The white stone figures rushed at them, and they rushed at the figures. They weren’t puppets. Ike was sure of that from the moment he first clashed, and his fist carved through stone instead of porcelain. They were stone, stone all the way through, their rough-hewn forms not carved by any man, but shaped organically. Rather than puppets, they were stone beings of some sort, golems, perhaps? But not golems that had been built; instead, Ike got the distinct feeling that these beings had grown here. They were this land’s natives, and they were not happy.

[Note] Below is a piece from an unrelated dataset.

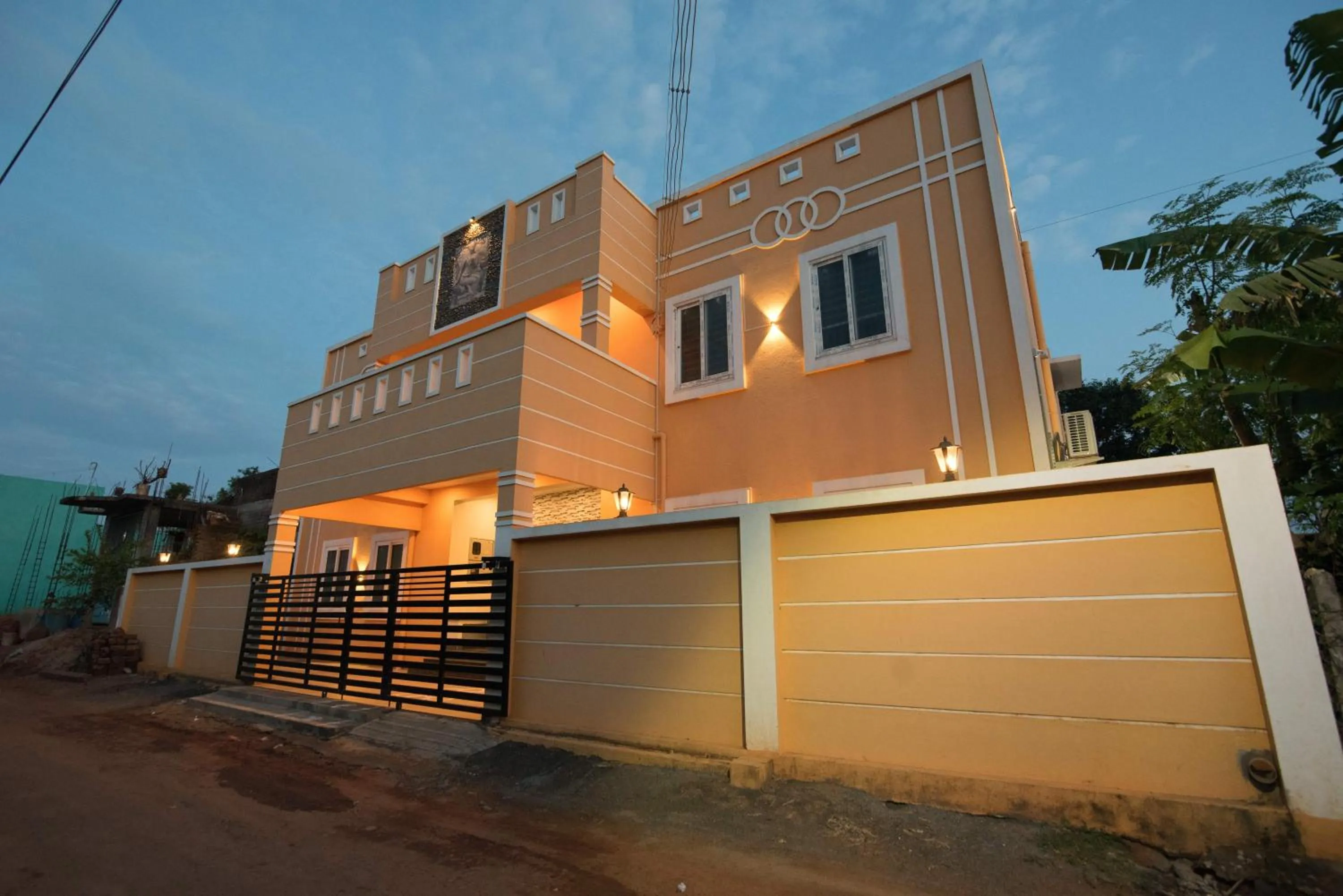 Property building in Saffron Vilva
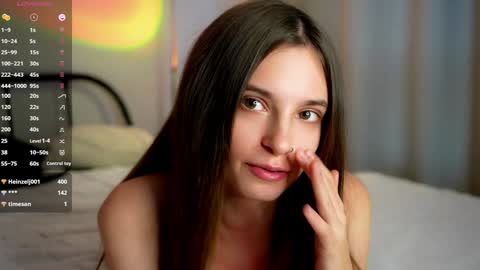 Snapshot of sonyaericsson chatting on December 3, 9:55 am Eva 3 online show from December 3, 9:55 am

“We aren’t puppets!” Ike tried.
No response. They continued their blind charge.
“Oh no, what are we going to do?” Wisp said sarcastically.
“Oh man, I wonder,” Ike chuckled. He reached into himself and sought out that part of him where the King’s power hid. There was some resistance, not from the King, but him. He instinctively rejected the King’s power, because it wasn’t fully his. Not yet.
That’s alright. I’ll just make it mine.
Ike forcibly activated the skill. Light flowed over his body as the cape and staff manifested, but the crown, belt, and bracelets did not. Nonetheless, those two alone were enough. The cape acted as a second layer of his Storm Clad, further enhancing his body and his strength, while the staff drew in mana from all around and sent it whirling into his core. He hadn’t activated it yet; its passive state was enough to keep his core full when he was essentially idling it, as he was now, with the King and Storm Clad active, but little else. Just holding it, he sensed that if he intentionally channeled or activated the staff, all the mana in the surrounding region would pour into him.
As he activated it, he sensed the King’s personality attempting to overpower his. The whole world seemed smaller, as though it ought to fit in the palm of his hand. He didn’t dismiss Wisp or Mag, but he suddenly felt more as though they were loyal subjects worthy of his presence and respect, rather than equal beings and friends. Well, equal beings in Wisp’s sense; he wasn’t sure he ever saw Mag as an equal. More like a cute mascot-slash-pet-slash-scout?
However he felt about Mag and Wisp, the King changed that. Simply using the skill made him feel more haughty. He stared at the golems in distaste. These pathetic things didn’t deserve his presence. He would do them a favor, and wipe them out.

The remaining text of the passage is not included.